Cynata Managing Director and Chief Executive Officer Dr Ross Macdonald says the trial was another major milestone and value catalyst for the Company.
“The treatment of the first patient in this trial marks the beginning of an exciting new chapter in stem cell therapeutics and the future of regenerative medicine,” said Dr Macdonald.
“Our Cymerus™ technology eliminates the reliance upon multiple donors and the need to excessively expand MSCs derived from them. Cynata is truly at the forefront of the industry with a sustainable and robust manufacturing process for therapeutic MCS products.”
About Cynata Therapeutics (ASX: CYP)
Cynata Therapeutics Limited (ASX: CYP) is an Australian clinical stage stem cell and regenerative medicine company that is developing a therapeutic stem cell platform technology, Cymerus™, originating from the University of Wisconsin-Madison, a world leader in stem cell research. The proprietary Cymerus™ technology addresses a critical shortcoming in existing methods of production of mesenchymal stem cells (MSCs) for therapeutic use, which is the ability to achieve economic manufacture at commercial scale.

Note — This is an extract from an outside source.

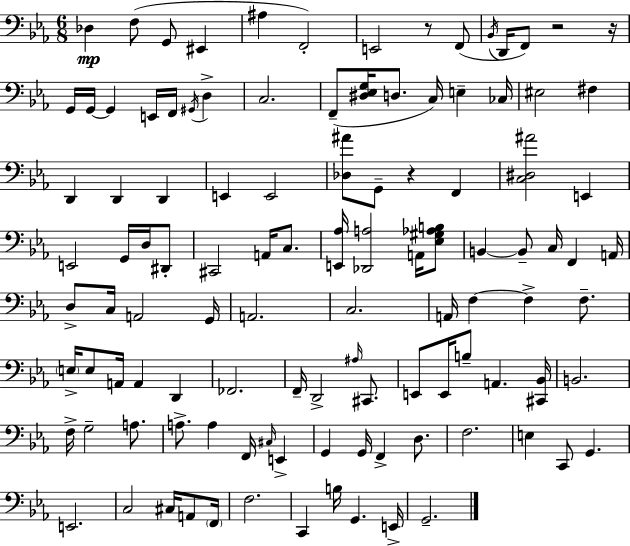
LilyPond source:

Cymerus™ utilises induced pluripotent stem cells (iPSCs) to produce a particular type of MSC precursor, called a mesenchymoangioblast (MCA). The Cymerus™ platform provides a source of MSCs that is independent of donor limitations and provides an “off-the-shelf” stem cell platform for therapeutic product use, with a pharmaceutical product business model and economies of scale. This has the potential to create a new standard in the emergent arena of stem cell therapeutics and provides both a unique differentiator and an important competitive position.

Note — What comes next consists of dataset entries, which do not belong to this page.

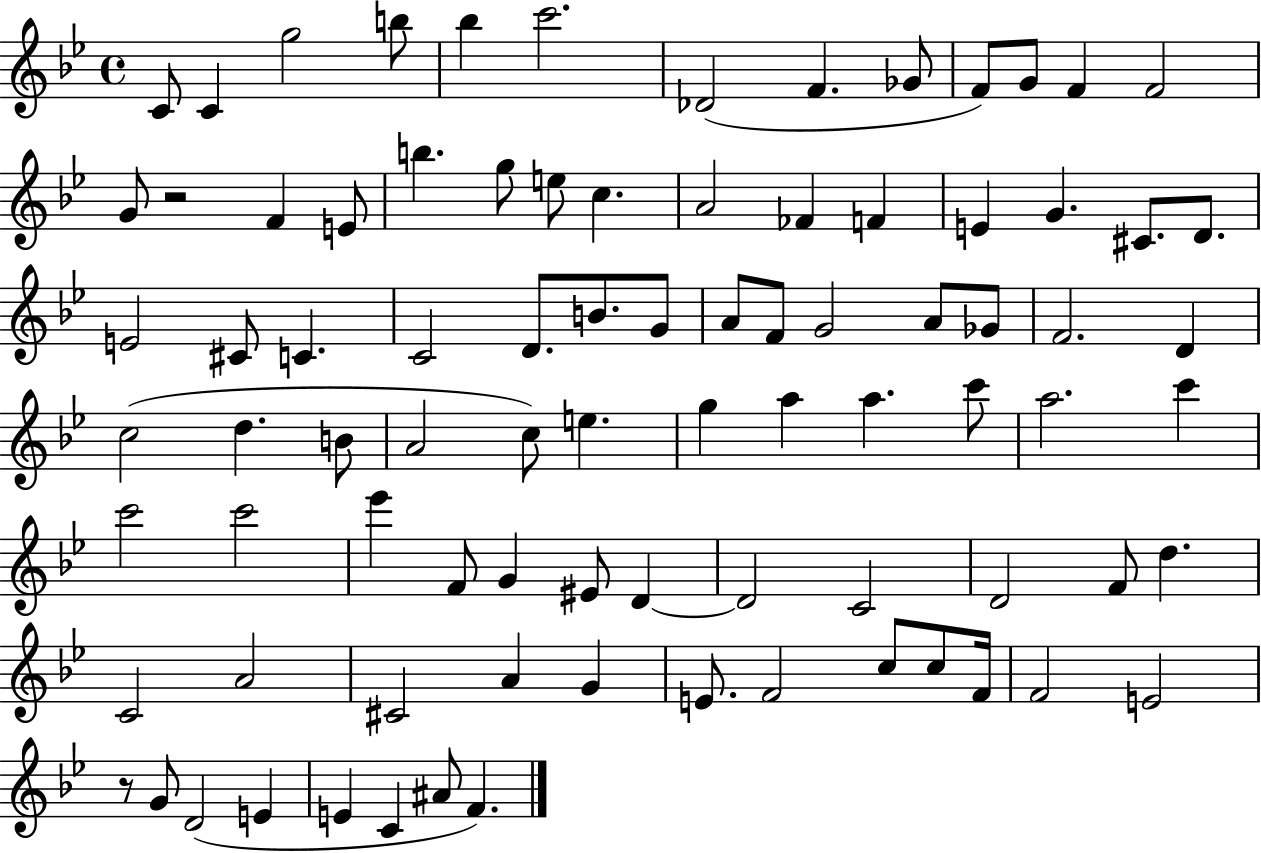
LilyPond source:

{
  \clef treble
  \time 4/4
  \defaultTimeSignature
  \key bes \major
  c'8 c'4 g''2 b''8 | bes''4 c'''2. | des'2( f'4. ges'8 | f'8) g'8 f'4 f'2 | \break g'8 r2 f'4 e'8 | b''4. g''8 e''8 c''4. | a'2 fes'4 f'4 | e'4 g'4. cis'8. d'8. | \break e'2 cis'8 c'4. | c'2 d'8. b'8. g'8 | a'8 f'8 g'2 a'8 ges'8 | f'2. d'4 | \break c''2( d''4. b'8 | a'2 c''8) e''4. | g''4 a''4 a''4. c'''8 | a''2. c'''4 | \break c'''2 c'''2 | ees'''4 f'8 g'4 eis'8 d'4~~ | d'2 c'2 | d'2 f'8 d''4. | \break c'2 a'2 | cis'2 a'4 g'4 | e'8. f'2 c''8 c''8 f'16 | f'2 e'2 | \break r8 g'8 d'2( e'4 | e'4 c'4 ais'8 f'4.) | \bar "|."
}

About the Phase 1 clinical trial (Protocol Number: CYP-GvHD-P1-01)
The trial is entitled “An Open-Label Phase 1 Study to Investigate the Safety and Efficacy of CYP-001 for the Treatment of Adults With Steroid-Resistant Acute Graft Versus Host Disease ”. Participants must be adults who have undergone an allogeneic haematopoietic stem cell transplant (HSCT) to treat a haematological (blood) disorder and subsequently been diagnosed with steroid-resistant Grade II-IV GvHD. The first eight participants will be enrolled in Cohort A and receive two infusions of CYP-001 at a dose of 1 million cells per kilogram of body weight (cells/kg), up to a maximum dose of 100 million cells. There will be one week between the two CYP-001 infusions in each patient. The next eight participants will be enrolled into Cohort B and receive two infusions of CYP 001 at a dose of 2 million cells/kg, up to a maximum dose of 200 million cells.

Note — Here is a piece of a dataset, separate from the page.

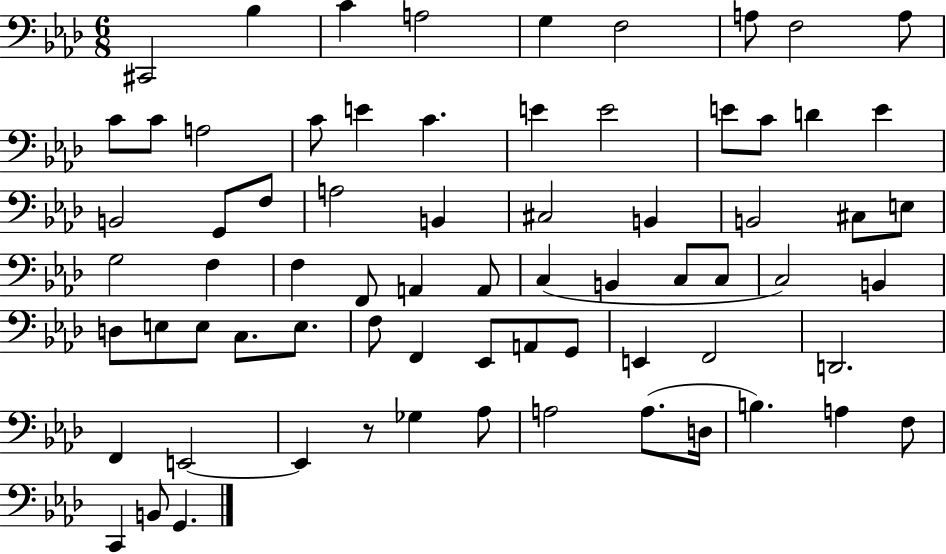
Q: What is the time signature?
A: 6/8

The primary objective of the trial is to assess safety and tolerability, while the secondary objective is to evaluate the efficacy of two infusions of CYP-001 in adults with steroid-resistant GvHD. The primary evaluation period will conclude 100 days after the first dose in each patient. Efficacy will be assessed on the basis of response to treatment (as determined by change in GvHD Grade) and overall survival at 28 and 100 days after the administration of the first dose. After the completion of the primary evaluation period, participants will enter a longer term non-interventional follow-up period, which will continue for up to two years after the initial dose.